THE DATA »

• • • • • • •

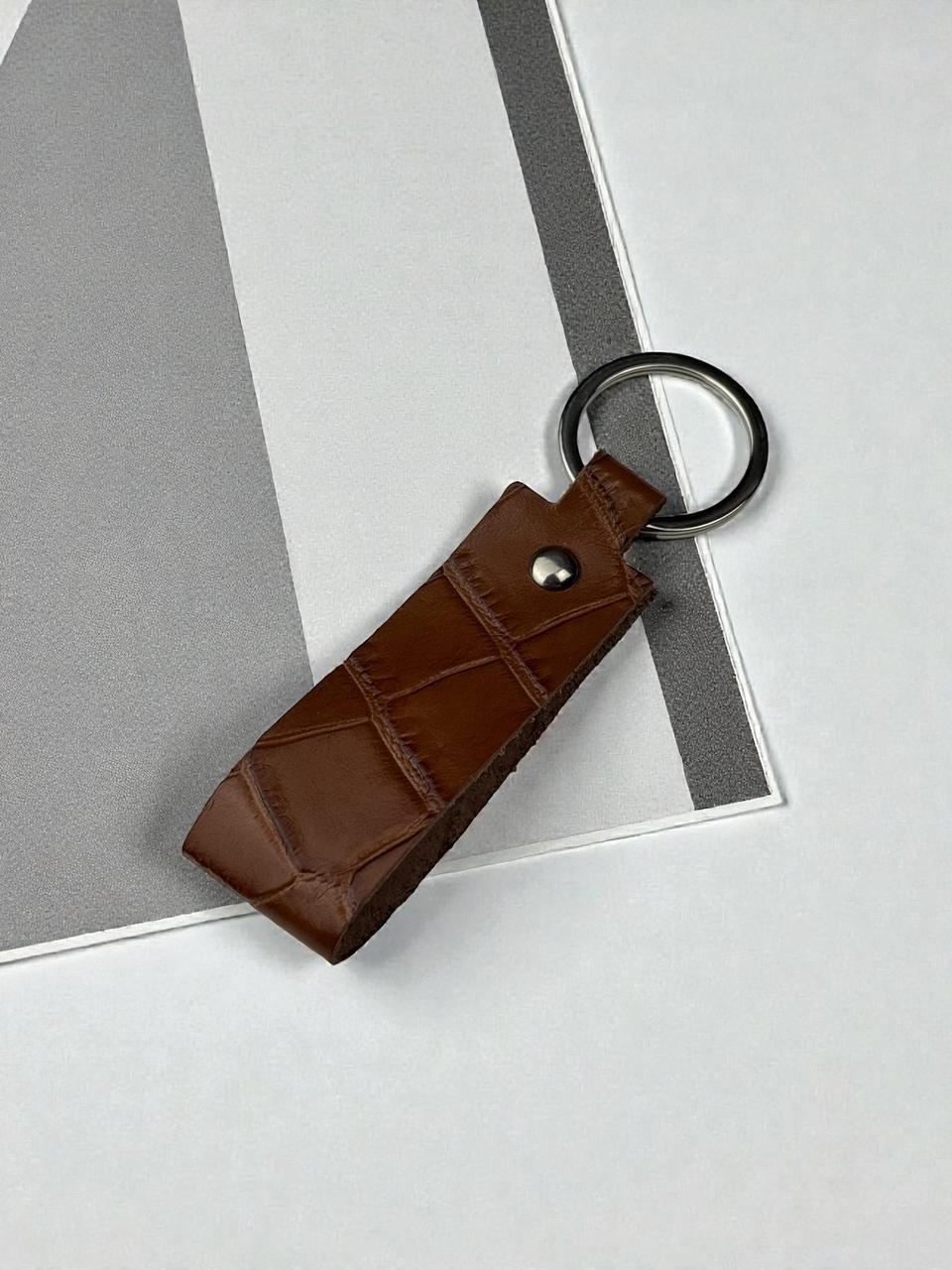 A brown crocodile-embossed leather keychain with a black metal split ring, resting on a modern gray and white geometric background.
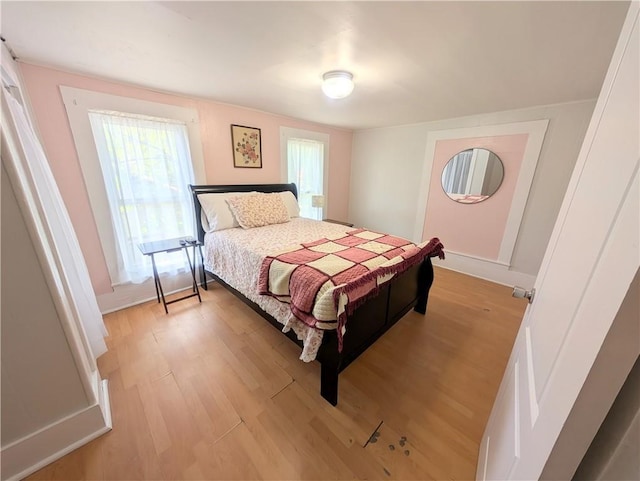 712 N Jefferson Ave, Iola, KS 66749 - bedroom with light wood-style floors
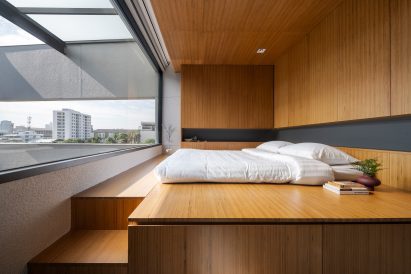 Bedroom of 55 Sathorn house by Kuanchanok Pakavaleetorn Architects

• • • • • • •

TASK REQUIREMENTS » Copy out the whole listing exactly. Skip its pictures.

RESULT FOR THIS TASK »
 A brown crocodile-embossed leather keychain with a black metal split ring, resting on a modern gray and white geometric background.
 712 N Jefferson Ave, Iola, KS 66749 - bedroom with light wood-style floors
 Bedroom of 55 Sathorn house by Kuanchanok Pakavaleetorn Architects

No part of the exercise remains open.